La nouvelle attaque terroriste majeure contre la Grande République se nomme Pantybomber et elle paraît semblable en importance, désormais, à Pearl Harbor. Cette “attaque contre les USA” un jour de Noël a été désignée par une professeur de Princeton, amie d’Obama, comme un “cadeau de Noël” que le Père Noël a déposé dans leurs souliers pieusement rangés devant la cheminée commune par les républicains.

«“What the GOP sees as its clear ability to attack the Obama administration is on this question of national security and terrorism. […] At least some members of the GOP clearly saw this as a holiday gift – an opportunity to once again put terrorism on the agenda, someplace they think they are strong,” Melissa Harris-Lacewell, associate professor of politics at Princeton University, said on MSNBC's Rachel Maddow Show.»

Ainsi soit-il, certes.

Les commentaires sur cette affaire ont formé en quelques jours une tornade médiatique qui secoue la Grande République, par conséquent une vraie crise de la présidence et de l’appareil de sécurité US. Le persiflage massif dans la plus grande confusion de la valeur des arguments est de rigueur, avec le pauvre Obama et sa non moins malheureuse secrétaire de la sécurité Janet Napolitano comme cibles principales. Un complot? Peut-être, mais des “complots” de cette sorte faites-en autant par semaine qu’il y a de jeudis dans la semaine des quatre jeudis… Comme traitement par l’entretien maximal de la schizophrénie et de la paranoïa, avec les dégâts qui vont avec, l’on vit rarement plus radical.

• Le 30 décembre 2009, le Wall Street Journal nous donnait «A Guide to the Blame Game Following Failed Terror Attack». C’est une sorte de glossaire reprenant toutes les nuances dans les attaques, critiques, etc. qui ont suivi cette “attaque contre les USA” de Pantybomber”, ce Pearl Harbor de la Noël 2009.

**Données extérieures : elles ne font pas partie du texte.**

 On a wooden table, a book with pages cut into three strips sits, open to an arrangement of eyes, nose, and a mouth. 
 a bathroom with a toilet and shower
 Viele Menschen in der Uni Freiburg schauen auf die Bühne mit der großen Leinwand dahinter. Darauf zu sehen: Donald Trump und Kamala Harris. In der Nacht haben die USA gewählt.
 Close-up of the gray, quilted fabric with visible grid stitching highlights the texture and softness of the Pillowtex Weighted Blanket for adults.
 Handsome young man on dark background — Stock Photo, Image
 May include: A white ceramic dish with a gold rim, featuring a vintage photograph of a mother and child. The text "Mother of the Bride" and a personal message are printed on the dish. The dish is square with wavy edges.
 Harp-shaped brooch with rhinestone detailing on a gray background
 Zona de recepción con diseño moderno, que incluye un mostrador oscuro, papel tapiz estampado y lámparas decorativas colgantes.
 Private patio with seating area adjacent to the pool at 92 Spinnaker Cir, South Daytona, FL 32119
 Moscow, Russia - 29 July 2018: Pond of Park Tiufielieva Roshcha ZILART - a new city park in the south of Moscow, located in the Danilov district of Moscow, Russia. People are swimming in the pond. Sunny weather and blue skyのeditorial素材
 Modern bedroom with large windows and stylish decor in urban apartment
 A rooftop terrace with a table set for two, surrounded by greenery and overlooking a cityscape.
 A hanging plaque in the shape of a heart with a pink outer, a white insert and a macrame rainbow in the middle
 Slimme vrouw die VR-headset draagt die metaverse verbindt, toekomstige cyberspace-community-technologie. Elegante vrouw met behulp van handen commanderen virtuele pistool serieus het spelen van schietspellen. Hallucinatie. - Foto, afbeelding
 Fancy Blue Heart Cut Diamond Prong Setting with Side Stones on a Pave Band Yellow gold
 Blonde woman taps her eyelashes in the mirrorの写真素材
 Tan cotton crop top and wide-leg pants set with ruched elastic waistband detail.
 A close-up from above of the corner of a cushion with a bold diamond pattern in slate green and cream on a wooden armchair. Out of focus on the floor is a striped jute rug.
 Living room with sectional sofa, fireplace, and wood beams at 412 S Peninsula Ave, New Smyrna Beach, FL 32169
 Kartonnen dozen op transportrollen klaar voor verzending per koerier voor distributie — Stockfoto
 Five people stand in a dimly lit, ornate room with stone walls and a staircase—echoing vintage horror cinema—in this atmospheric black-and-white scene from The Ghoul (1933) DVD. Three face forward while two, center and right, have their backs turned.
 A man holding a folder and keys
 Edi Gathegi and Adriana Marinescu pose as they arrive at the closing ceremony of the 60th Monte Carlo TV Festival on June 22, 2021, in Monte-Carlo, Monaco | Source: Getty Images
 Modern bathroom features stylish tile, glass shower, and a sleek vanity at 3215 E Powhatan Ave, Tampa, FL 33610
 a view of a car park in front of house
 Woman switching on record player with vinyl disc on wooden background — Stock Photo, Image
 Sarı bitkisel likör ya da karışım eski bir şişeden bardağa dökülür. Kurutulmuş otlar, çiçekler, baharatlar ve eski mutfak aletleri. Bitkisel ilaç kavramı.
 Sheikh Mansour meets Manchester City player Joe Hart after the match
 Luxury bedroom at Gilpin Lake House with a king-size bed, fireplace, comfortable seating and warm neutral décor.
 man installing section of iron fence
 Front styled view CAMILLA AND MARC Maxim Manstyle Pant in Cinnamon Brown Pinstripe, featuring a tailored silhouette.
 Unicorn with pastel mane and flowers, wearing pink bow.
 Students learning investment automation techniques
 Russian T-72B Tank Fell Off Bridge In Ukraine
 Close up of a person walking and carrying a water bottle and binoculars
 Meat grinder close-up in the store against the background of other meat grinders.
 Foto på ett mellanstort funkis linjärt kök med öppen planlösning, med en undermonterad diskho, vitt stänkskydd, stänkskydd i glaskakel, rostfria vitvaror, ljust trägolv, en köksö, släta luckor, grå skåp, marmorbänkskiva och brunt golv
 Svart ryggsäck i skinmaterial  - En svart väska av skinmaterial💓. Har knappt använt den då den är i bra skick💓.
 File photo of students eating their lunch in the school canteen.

• Pour le persiflage avec toute l’élégance requise, lisez Mark Steyn, fameux néo-conservateur, dans le Orange County Register du 1er janvier 2010. (Le souligné est de l’auteur, soulignons-le.)

«On Christmas Day, a gentleman from Nigeria succeeded (effortlessly) in boarding a flight to Detroit with a bomb in his underwear. Pretty funny, huh?

»But the Pantybomber wasn't the big joke. The real laugh was the United States government. The global hyperpower spent the next week making itself a laughingstock to the entire planet. First, the bureaucrats at the TSA swung into action with a whole new range of restrictions. Against radical Yemen-trained Muslims wearing weaponized briefs? Of course not. That would be too obvious. So instead they imposed a slew of constraints against you. At Heathrow last week, they were permitting only one item of carry-on on U.S. flights. In Toronto, no large purses…»

• Ou bien, lisez ce commentaire du site War News, ce 1er janvier 2010 – un site qui tient à jour une multitude de liens sur les questions liées à l’engagement militaire US de par le monde et dont l’orientation est celle de la droite républicaine ultra-dure et très sérieuse – celle qui voit vraiment la menace terroriste du reste du monde sur le point de détruire la Grande République.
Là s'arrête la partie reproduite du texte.